Here are some of the widely available boxed wines I’ve tried and liked:
La Vieille Ferme, 3L, $22, Rosé and Red Blend (a White will be available in the spring), Luberon, France
La Vieille Ferme wines are among my favorites. When they are on sale, I buy all three by the case, so I was delighted when I discovered it in a box. These well-crafted wines have been produced for more than 40 years by the Perrin Family, a leading maker of wines in the Rhone Valley, including Chateau de Beaucastel and Chateauneuf de Pape.
Chateau Montaud Rosé, 3L, Cotes de Provence, France, $32
The Ravel family, producers of Chateau Montaud Rosé, has built a reputation over three generations for making high-quality wines in the southeastern corner of France. Chateau Montaud Rosé has well-defined flavors of dried cherries, herbs and minerals with hints of white pepper in the crisp finish, the tasting notes say.

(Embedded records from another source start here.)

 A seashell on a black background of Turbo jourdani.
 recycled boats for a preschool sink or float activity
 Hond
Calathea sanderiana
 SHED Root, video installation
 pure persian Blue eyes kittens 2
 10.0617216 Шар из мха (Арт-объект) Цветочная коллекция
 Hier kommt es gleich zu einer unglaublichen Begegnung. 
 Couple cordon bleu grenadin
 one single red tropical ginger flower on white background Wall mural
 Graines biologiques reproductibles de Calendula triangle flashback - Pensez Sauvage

Castillo de Anna, 3L, Tempranillo and Macabeo (white), Valencia, Spain, $22
These wines are imported by Rafael Flores at Artisanal Cellars in White River Junction and are produced by a cooperative. They are well made and have bright fruit flavors and smooth finishes. The ruby-colored red wine is 100 percent Tempranillo and is aged for three months in oak barrels. The medium-bodied white is 85 percent Macabeo and 15 percent Chardonnay. Both of these wines are exceptional bargains.
Vin Vault, 3L, Cabernet Sauvignon, Chardonnay, California, $17.99
Vin Vault wines are highly rated and award-winning. The Cab is a dry Bordeaux style with black cherry and blackberry flavors. The Chardonnay is creamy and rich with apple and pear flavors. These wines are made specifically to be sold in boxes, the company website says, and are great bargains.

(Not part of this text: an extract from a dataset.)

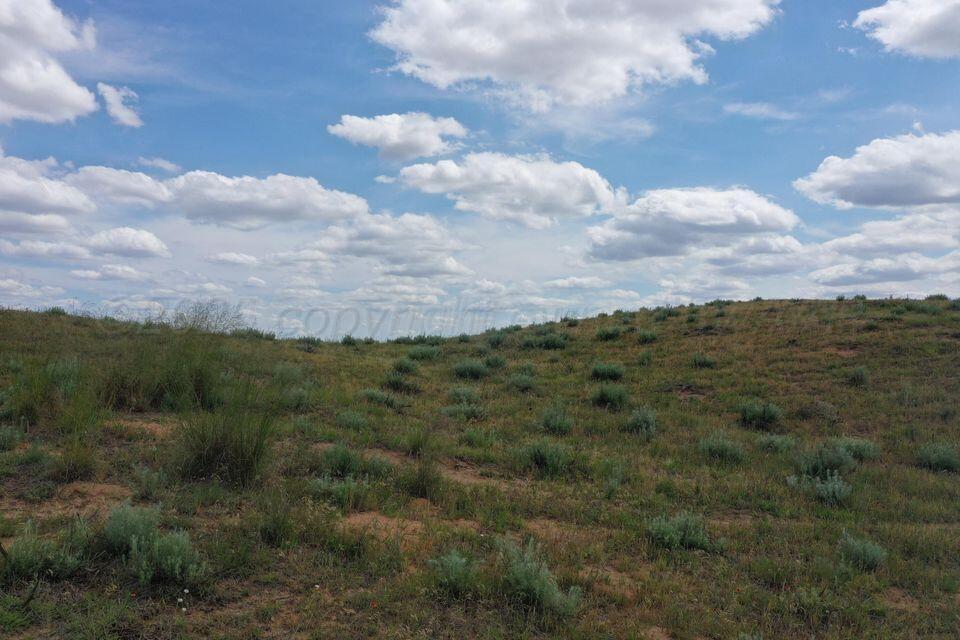 15200 Highway 152 Wheeler, TX 79096 - Photo 56 of 71 a view of a bunch of trees in a field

Bota Box, 3L, Sauvignon Blanc, Chile; Chardonnay, California, $19.99
All of the Bota Box wines are well made, mostly dry and a terrific value. You can be safe with any of the varietal offerings, but I particularly like the Sauvignon Blanc in the summer with its juicy flavors of melon and lime and the Chardonnay, featuring crisp apple and lemon flavors, in the winter. The boxes are 100 percent recycled material stuck together with cornstarch rather than glue.
Black Box, 3L, Rosé, California, $17.99
Black Box also has a good line of wines. I like the Rosé the most, however. This light, refreshing wine has well-balanced layers of strawberry and white peach flavors. The wines often go on sale for two for $30, which make them a greater bargain.

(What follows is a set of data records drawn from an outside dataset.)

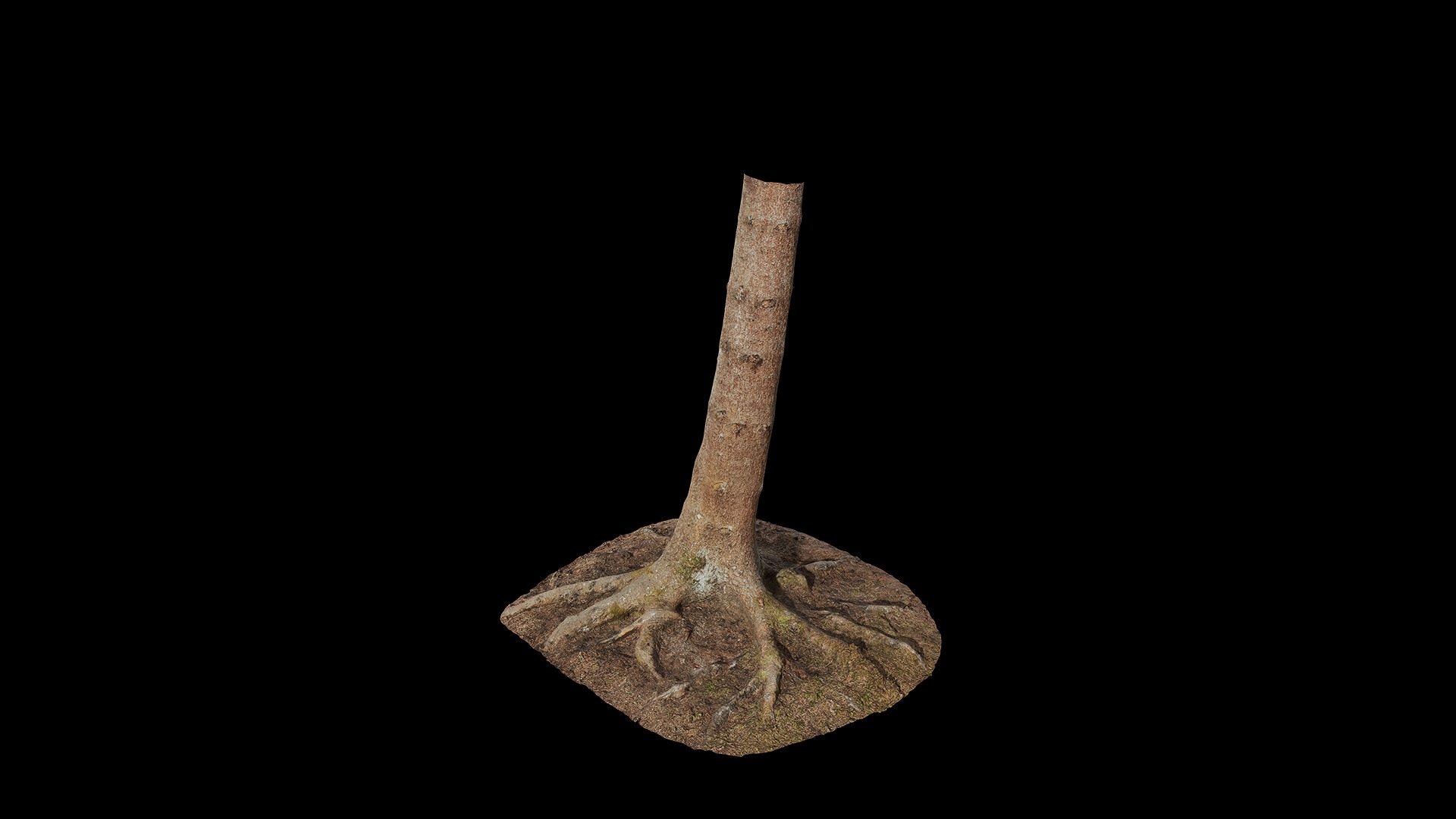 Anydrafts Abies fabri Trunk 04 Low-poly 3D model_6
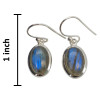 Labradorite Sterling Silver Hook Earrings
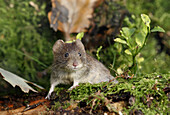 Bank Vole (Clethrionomys glareolus) adult, amongst moss and fallen leaves, Peak District, Derbyshire, England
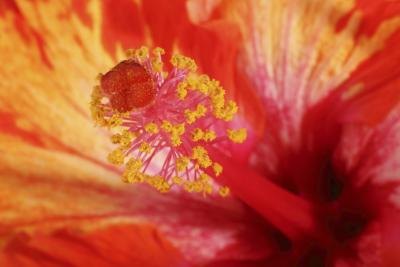 It's hard to identify pollen without a magnifying glass.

I’ve also tried a couple of very good Bordeaux wines in wooden boxes that make nice birdhouses. They cost around $30 and are not widely available, but look for them in the months to come.
In an effort to reach a younger generation, the wine industry is coming up with innovative ways to package products. Boxes, along with cans, are part of that trend. Look for a growing number of good wines to start showing up on store shelves in boxes.
But fear not; fine wines with corks will be in vogue for the unforeseeable future. Of course, I said that about newspapers too.